The murders of Officers Phillips and Curtis touched off a homicide investigation that continued for almost half a century. In 1960, the murder weapon was recovered a mile from the crime in a back yard. The serial number was traced to a purchase at Sears in Shreveport, Louisiana, under the alias George D. Wilson. The signature was matched to "Wilson's" signature on a downtown YMCA receipt, located near the Sears store. El Segundo detectives proceeded to track down every George D. Wilson in the United States. However all were ruled out, and the investigation went cold.

For the next 46 years, Mason was a law-abiding citizen. He owned seven service stations, married, and raised a family. He was later described by friends and neighbors as friendly and helpful.

In 2002, with advances in computerized finger-printing technology, the FBI decided to expand the system to include prints collected during arrests in all 50 states. A match based on the partial left thumb prints lifted from the steering wheel of the stolen car, came back to a man convicted of burglary in 1956 in Columbia. He had served time for that case. Besides the matching fingerprint the evidence was also based on matching handwriting, thus linking him to the murder weapon.

Police located Mason, who had returned to and was still living in his hometown of Columbia, South Carolina. Following his arrest, Mason was further identified by the bullet graze wound scar on his back from a bullet fired by Officer Phillips in 1957.

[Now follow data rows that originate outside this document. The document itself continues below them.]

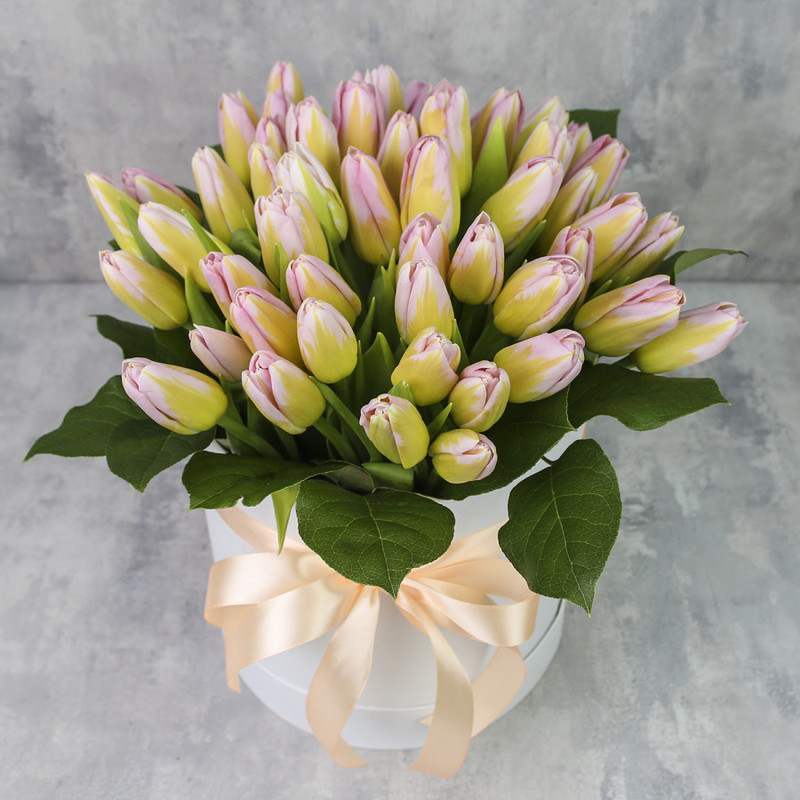 Box of 51 tulips "Pale pink tulips", standart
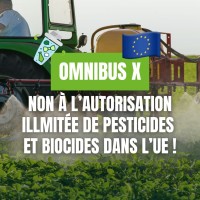 omnibus octobre 2026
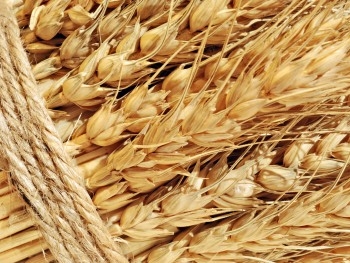 Запорожская область попала в рейтинг лучших регионов по производству пшеницы фото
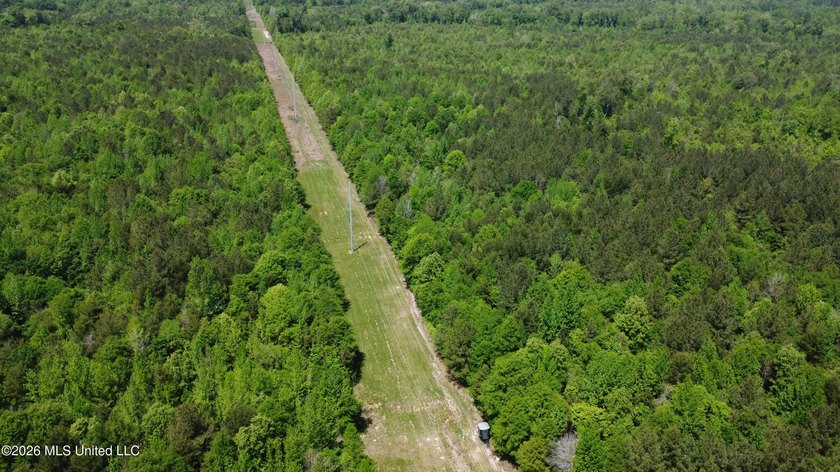 255+/- Acres | Hunting &amp; Recreation Tract | Braxton, MS If - photo 5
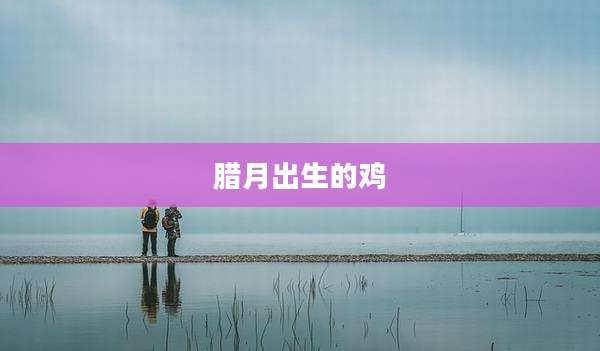 腊月出生的鸡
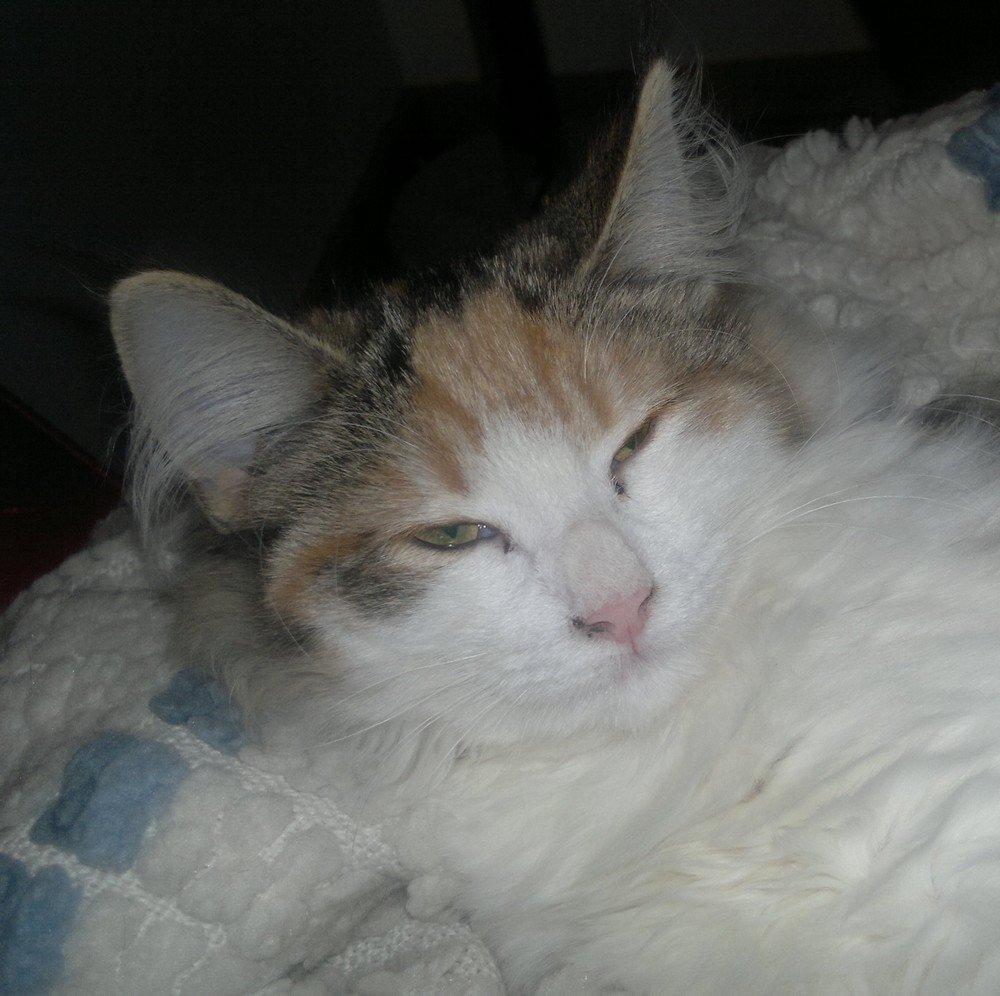 Norsk Skovkat Høgerstedets Nulle billede 3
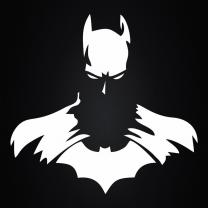 -BATMAN-'s Avatar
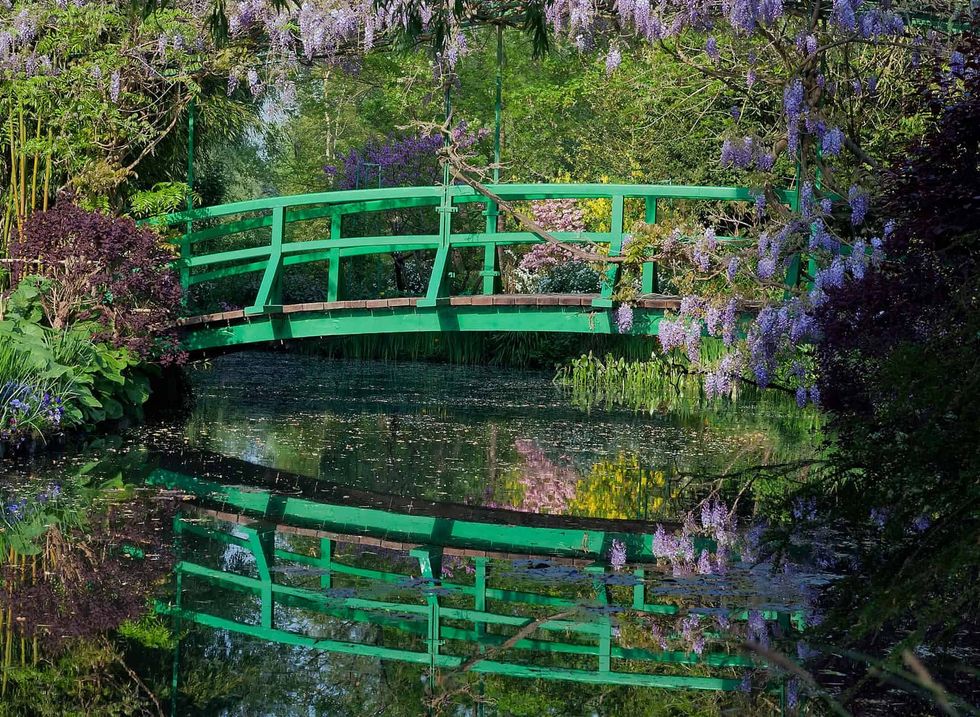 Green bridge over a pond surrounded by lush plants and blooming wisteria at Fondation Monet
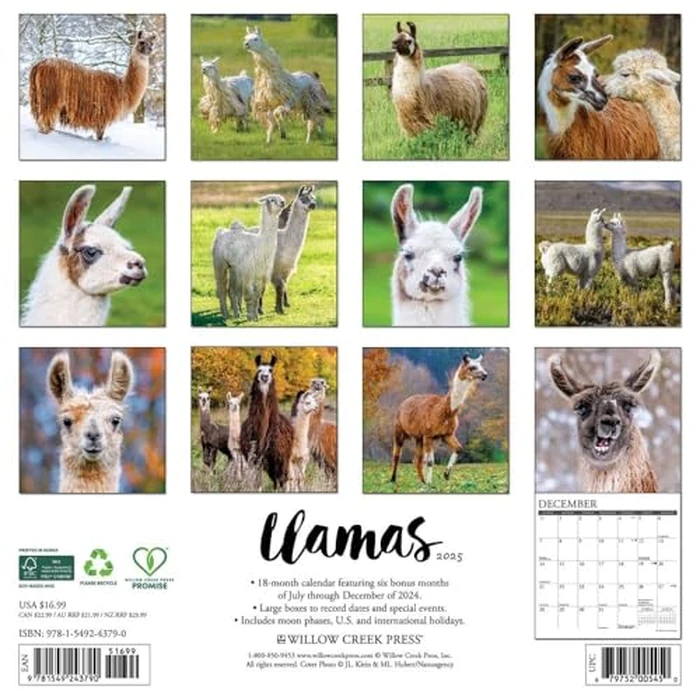Llamas 2025 12" x 12" Wall Calendar by WILLOW CREEK - Image 3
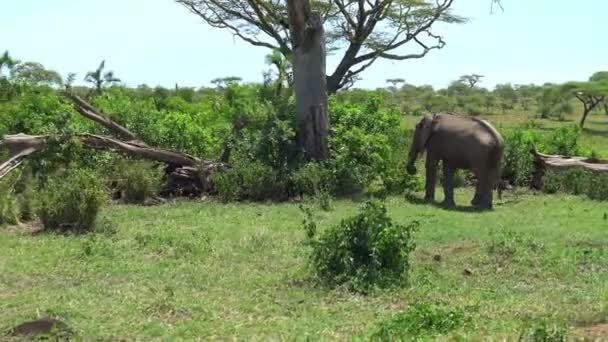 アフリカゾウ。サファリ - アフリカのサバンナを旅します。タンザニア. — ストック動画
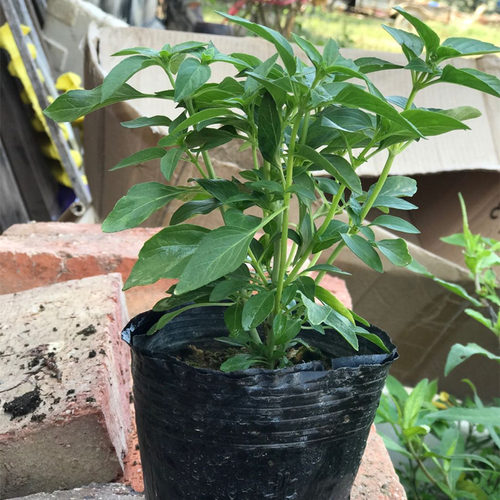 九层塔盆栽可食用罗勒金不换阳台香料植物迷迭香紫苏薄荷阳台绿植 - 图2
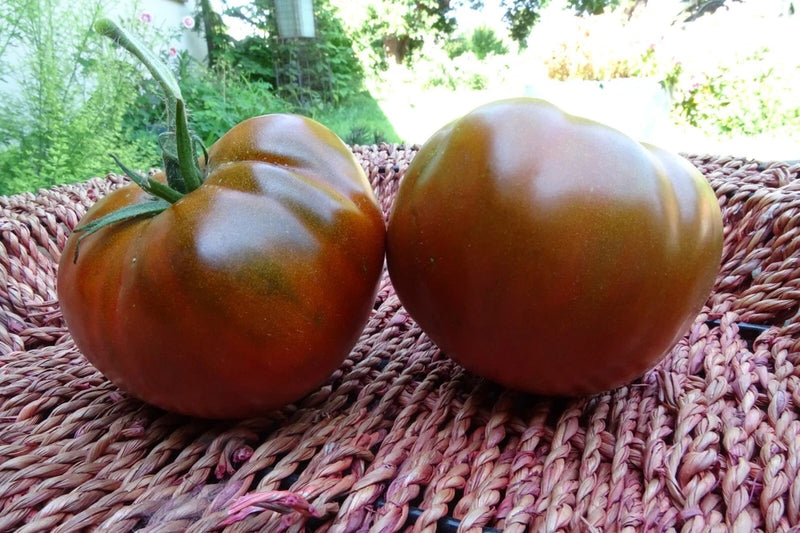 Calavados - luscious bronze tomatoes bred in Ukraine Garden Plants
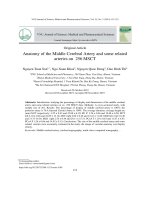 Giải phẫu động mạch não giữa và một số động mạch liên quan trên hình ảnh chụp cắt lớp vi tính 256 dãy
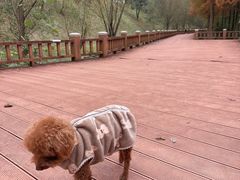 -四季轩中餐厅(徐州开元名都大酒店)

Mason told detectives, "I really don't have an explanation for why this happened. I wish I did." When asked why he had raped a 15-year-old girl, Mason responded that he no longer remembered.

==Sentencing==

Mason pleaded guilty to the murders and was sentenced to two consecutive life terms, with a minimum of seven years. As part of the deal, the rape, robbery and grand theft charges were dropped, which spared surviving victims from having to testify and Mason's family from having to listen to testimony about how he had raped a teenage girl. At his sentencing hearing, Mason tearfully apologized to the families of Officers Phillips and Curtis. He said, "It's impossible to express to so many people how sorry I am. I do not understand why I did this. It does not fit in my life. It is not the person I know. I detest these crimes."

One El Segundo detective commented, "He was remorseful. But I think he was more sad and more sorry for having been caught."

Mason, 75, was turned down for parole in 2009. The three-member board decided Mason should not come before the panel again for the maximum period of 15 years until March 2024 when he would have been 90 years old. California prosecutors were determined that he would never be released.

He was incarcerated in South Carolina, as his plea bargain granted him approval to serve his prison sentence near his family.

The widow of Officer Curtis commented, "I'm not his victim any more. My son is not his victim any more. I'm so grateful, and I had to wait this long. It's worth the wait."

In a 2003 interview with People, Terri, Gerald Mason's daughter, said, "There really aren't words to describe the range of emotions we've gone through." Even so, she insisted, "I could not have had a better father."

This story was shown on episodes of Cold Case Files, Forensic Files, 48 Hours Mystery and Murder Book.

==Death==
Mason died in prison on January 22, 2017, nine days before his 83rd birthday. He had spent 14 years in prison. His next parole hearing was still seven years away.

==Sources==
- "Final Justice: The Past Catches Up with Gerald Mason, a Murderer on the Lam Since 1957", People Magazine, Author: Patrick Rogers, Date: May 19, 2003. (accessed August 11, 2010).
- "The Ghosts Of El Segundo: Cold-Blooded Crime Haunts Investigators For Half A Century", CBS News, Author: Rebecca Leung, Date: October 2, 2004. (accessed August 11, 2010).
- “Man sentenced to life in two 1957 murders” Los Angeles Times, Authors: Richard Winton, Steve Berry, Date: March 25, 2003. (Accessed August 29, 2015)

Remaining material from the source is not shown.